Steve: So, but to say something a little bit controversial. If I were to go to the annual meeting of the neuroscience whatever it’s called. The association … And poll people, have them react to that statement to … How many of them do you think would have a relatively deep understanding of what that sentence might mean? Our brain is too complex to be understood by our brain.

Corey: Well, can I jump in here? I think partly it’s just the question’s a little bit grossly formed, right? The idea of understanding the brain as a whole level I think doesn’t make a lot of sense. I think … And this is true of biological phenomena in general.

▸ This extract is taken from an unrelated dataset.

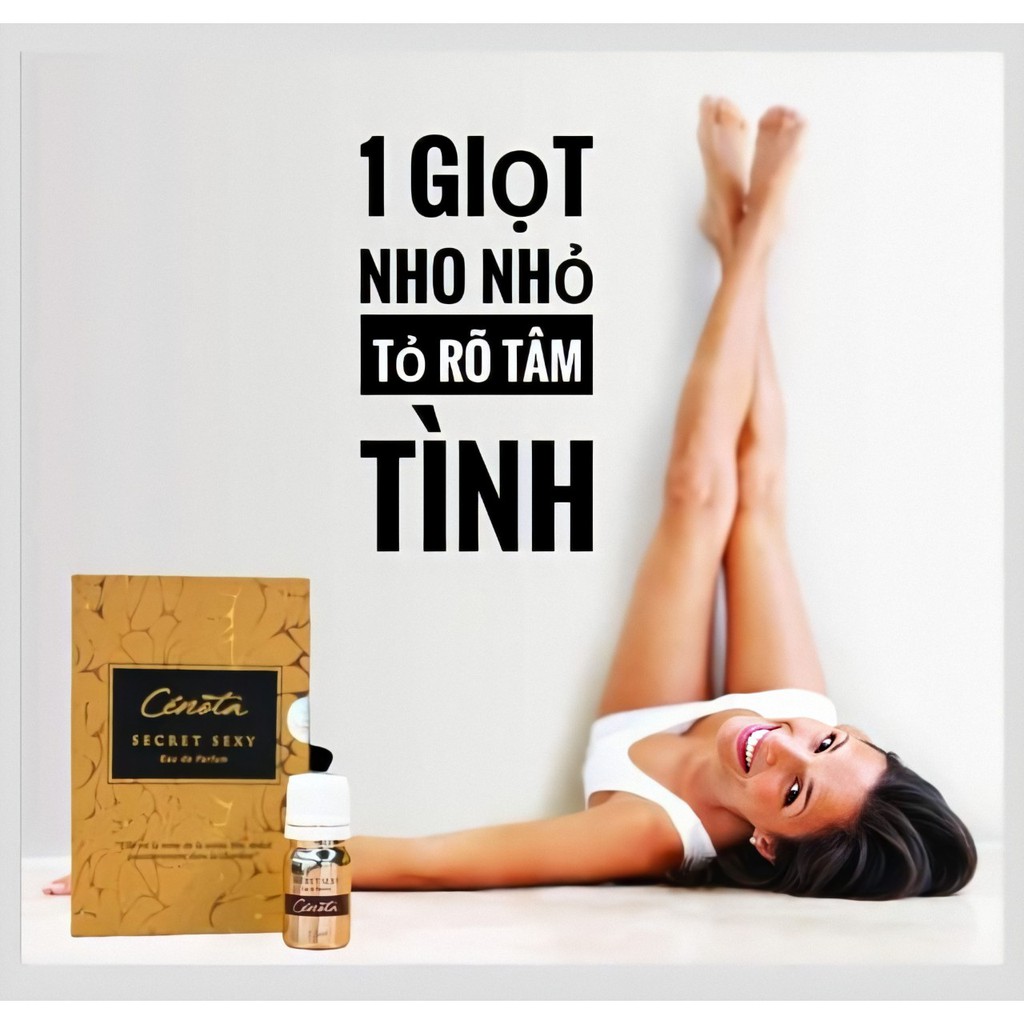 Nước Hoa Vùng Kín Cenota Secret Sexy 5ml - Chính hãng 100% | BigBuy360 - bigbuy360.vn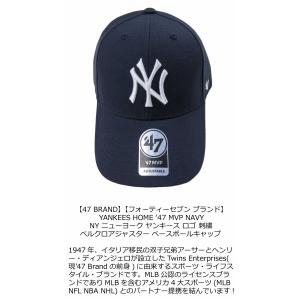 47BRAND ニューヨーク ヤンキース ロゴ...の詳細画像2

Steve: And that’s broadly understood by neuroscientists.

Corey: I don’t know. I haven’t polled people. I think so. I think so.

Steve: Well, you live in a community …

Corey: No, I think so. People work on tiny, tiny phenomenon. This is true of biological phenomena in general. Here’s an analogy. Suppose someone says, “How does the natural world work?” Right? How does the earth work? I see these animals, and they get some food, and then they go mate, and they have some babies. Then things die. It’s all so complicated. I mean …

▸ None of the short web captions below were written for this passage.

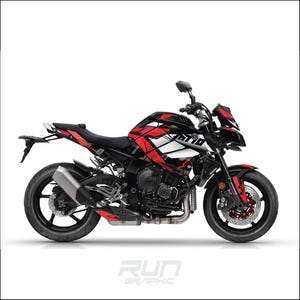 Yamaha MT 10 Line Graphic Kit - Durable Quality Motorcycle Body Decal Sticker - Custom Motorcycle Decal - Motorcycle Sticker Kits 2014-2020
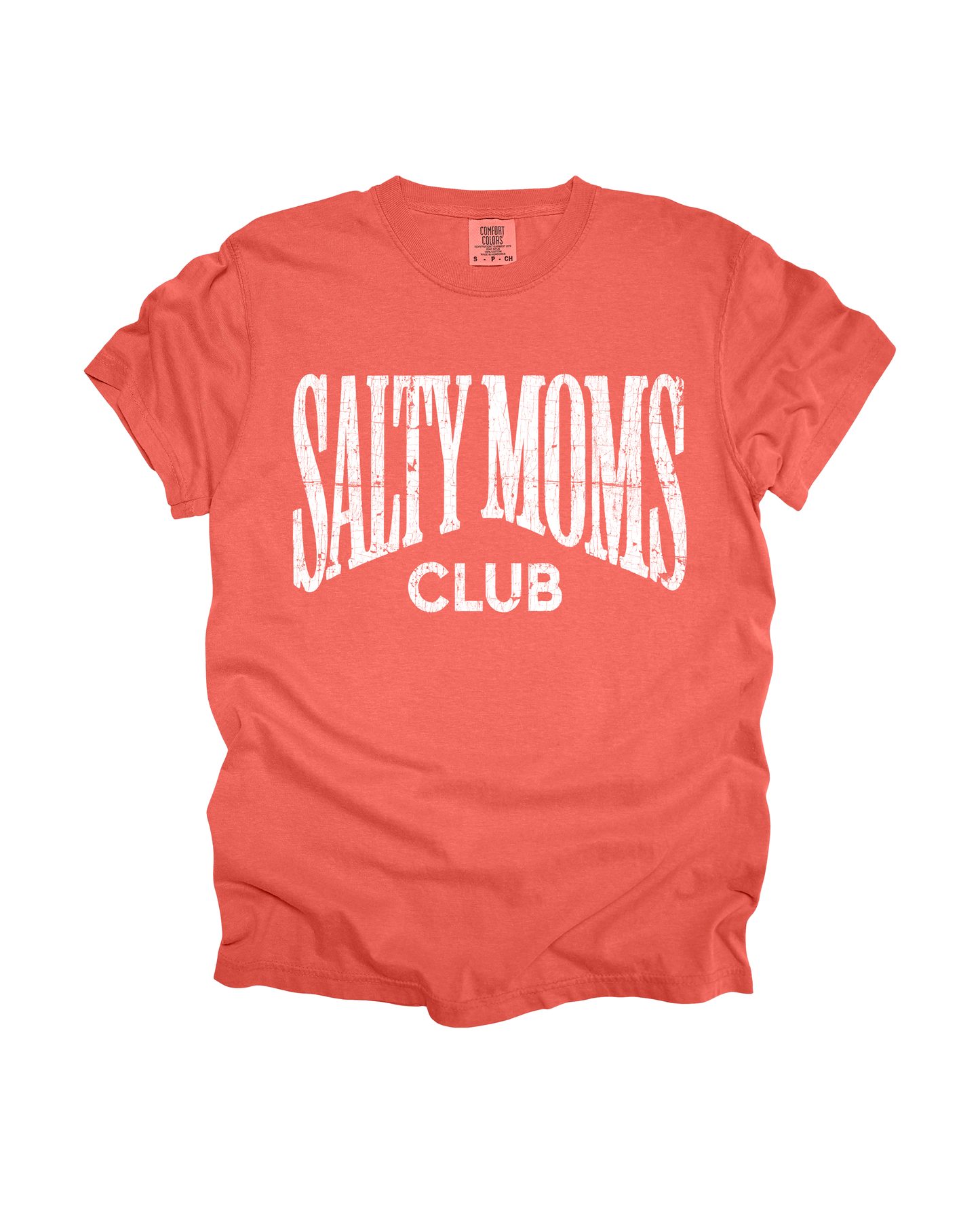 Salty Moms Club Adult Tee
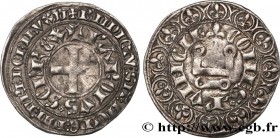 PROVENCE - COUNTY OF PROVENCE - CHARLES II OF ANJOU
Type : Gros tournois d’Avignon 
Date : c. 1246-1266 
Date : n.d. 
Mint name / Town : Avignon 
Meta...
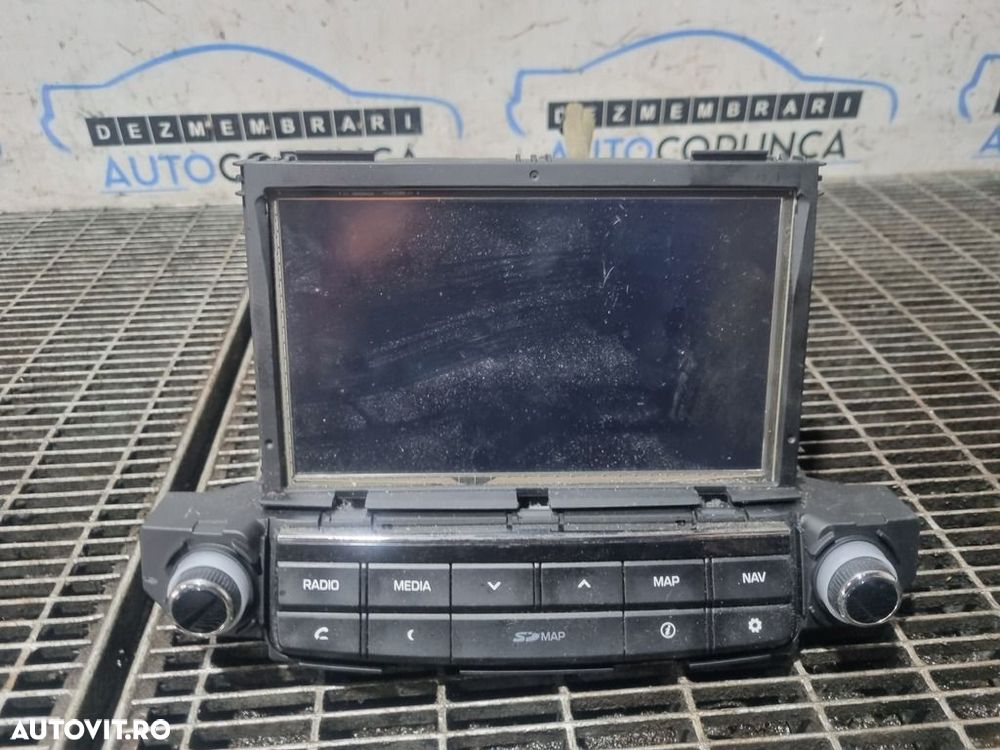 Navigatie Hyundai Tucson III 2015 - 2018 (1298) 96560d70144x - 1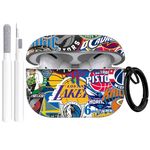 Gedicht for Airpods Pro Case Cute Sports Basketball Football, Protective TPU Soft Cases Cover Rugged for Apple Airpod Pro with Keychain for Women Men，Basketball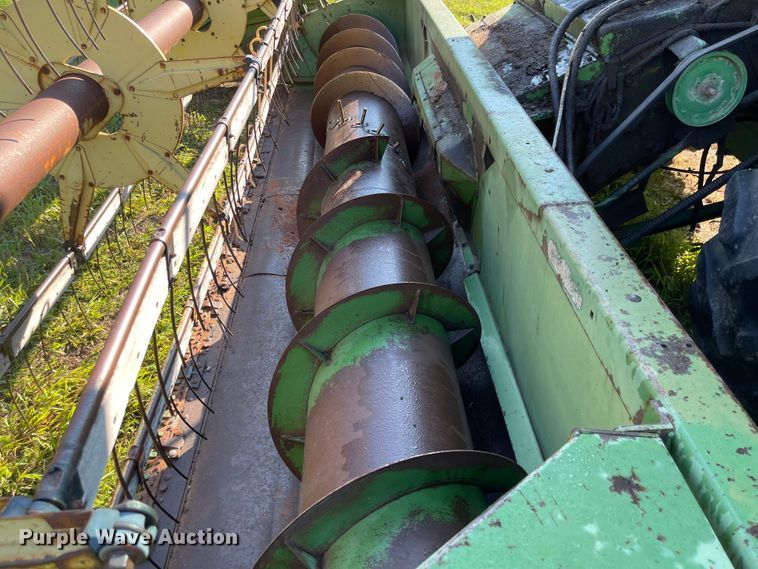 image for item MU9096 1980 John Deere 6620 Turbo  combine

Steve: Well, you just gave a nice compressed description.

Corey: So by narrowing … But I narrowed down to a small, tiny phenomenon. I didn’t try to theory the whole thing, right?

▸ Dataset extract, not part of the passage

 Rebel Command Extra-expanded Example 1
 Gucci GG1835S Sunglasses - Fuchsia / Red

Steve: Yes, exactly. Exactly. Exactly.

Corey: That’s [inaudible 00:42:11] how biology works, neuroscience works. You have tiny theories. Generalizations that don’t go very far, apply to a fairly small region. Maybe there’s a similar phenomenon in another animal or similar phenomenon in another part of the brain, but you basically have micro-theories. And that’s how it works. Now, to have a global theory of the brain, I think is fantasy. Right?

Bobby: I agree.

Corey: Maybe some super-intelligence could have it, but …

Steve: Very good.

Bobby: I’m pro reverse engineering [inaudible 00:42:36]. At some level, I can make the case that I understand brains to a pretty good approximation already. If I didn’t understand brains, how could I live my normal life? I make predictions, which is one version of understanding, about brains around me all the time. Not as a neuroscientist, but as a human being living and working in the world, I can make predictions now, about if I started talking politics with you guys, or sports, or whatever. As a human being, I’m really good at making predictions about brains.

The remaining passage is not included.